Pour ma part, dans ce nouveau contexte de la mondialisation auquel l’Afrique est résolument partie intégrante et acteur et en cette année 2010 durant laquelle plusieurs Etats africains célèbrent le cinquantième anniversaire de leur indépendance, je suis confiant dans notre volonté de concrétiser enfin ce rêve depuis si longtemps caressé par nos Pères fondateurs d’une Afrique indépendante, unie, prospère et en paix. Comme nous le suggère la devise de l’Olympisme, ne nous fixons guère de limites dans notre entreprise collective destinée à asseoir le développement durable de notre continent. Demeurons toujours des champions ambitieux et hautement performants pour assurer ensemble l’avenir et la Paix du continent. Citius, Altus, Fortius ! Plus vite, plus haut, plus fort ! Nous resterons unis pour une Afrique qui sait gagner !

A tous, je souhaite une excellente journée de l’Afrique !

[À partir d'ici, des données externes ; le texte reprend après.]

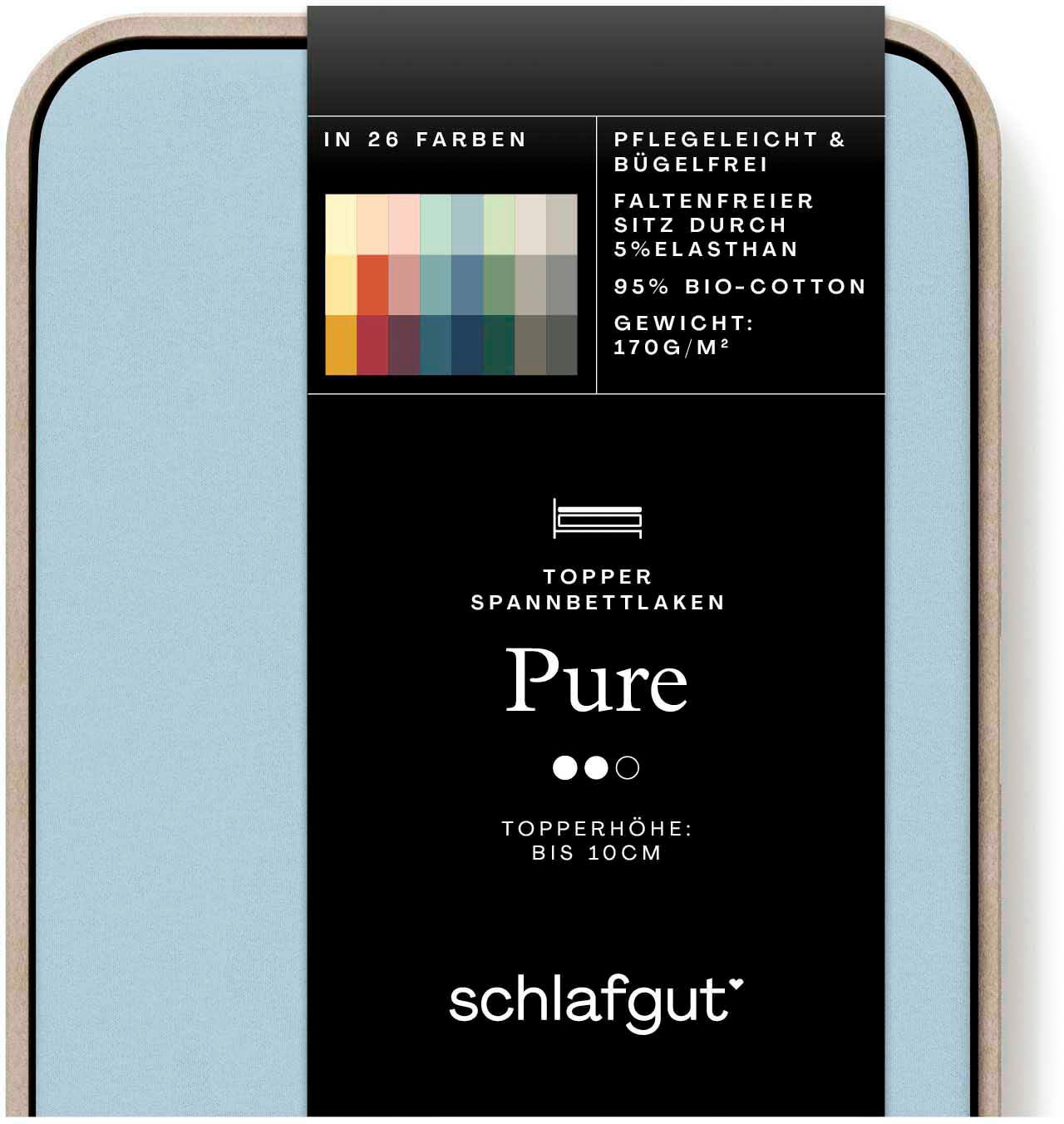 Schlafgut Spannbettlaken »PURE TOPPER in Gr. 90x200, 140x200 oder 180x200 cm, Laken für Topper«, aus 100% Bio-Baumwolle, für Matratzen bis 10 cm Höhe, Bettlaken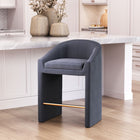 Zuo - Emas Tabouret de comptoir - Midnight Gris-Aucun assemblage requis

Déclaration conjointe de la Vice-présidente Catherine Ashton et du Commissaire européen au Développement, Andris Piebalgs,à l'occasion de la Journée de l'Afrique le 25 mai 2010

Pour de nombreux pays en Afrique, 2010 représente une date importance. Il y a 50 ans, de nombreux mouvements d'indépendance ont en effet marqué le continent. Et aujourd'hui, par la "Journée de l'Afrique", nous célébrons la fondation de l'Organisation de l'Unité Africaine créée en 1963. C'était le premier pas vers l'Union Africaine telle que nous la connaissons aujourd'hui – 53 Etats liés dans une Union, regroupant la diversité et le dynamisme de l'Afrique moderne. Pour la Commission européenne, la Journée de l'Afrique est également l'occasion de regarder vers l'avenir. En particulier, il est important de continuer à travailler ensembles pour confirmer le succès de la première Stratégie conjointe entre l'Union européenne et l'Afrique adoptée il y a deux ans. Cette stratégie amène les relations entre les deux continents au-delà des relations traditionnelles basées sur le développement pour forger un véritable partenariat entre égaux. Ce partenariat dépasse aussi les institutions pour mettre l'accent sur les liens entre les peuples. Il a permis à l'Europe et l'Afrique de regarder au-delà de leurs propres frontières pour travailler ensemble à relever les défis mondiaux, comme par exemple le changement climatique. Un enjeu majeur et prioritaire reste la lutte contre la pauvreté. L'Union Européenne et l'Afrique doivent joindre leurs forces pour la préparation de la Conférence des Nations Unies à
Haut Niveau sur les Objectifs du Millénaire, qui aura lieu en septembre prochain. La lutte contre le changement climatique est également un sujet d'intérêt majeur pour nos deux continents. Nous allons travailler ensemble pour préparer la prochaine conférence de la Convention cadre des Nations Unies sur le changement climatique à Cancun. Le développement durable et la promotion de la démocratie et de la bonne gouvernance demeurent aussi les priorités de notre partenariat. Mais peut-être avant tout, cette Journée de l'Afrique est-elle l'occasion de regarder vers le Sommet Afrique-Europe de Novembre, et vers l'adoption d'un nouveau plan d'action entre l'UE et l'Afrique pour les années à venir, fonde sur notre volonté commune : "Europe et Afrique – deux continents, un partenariat".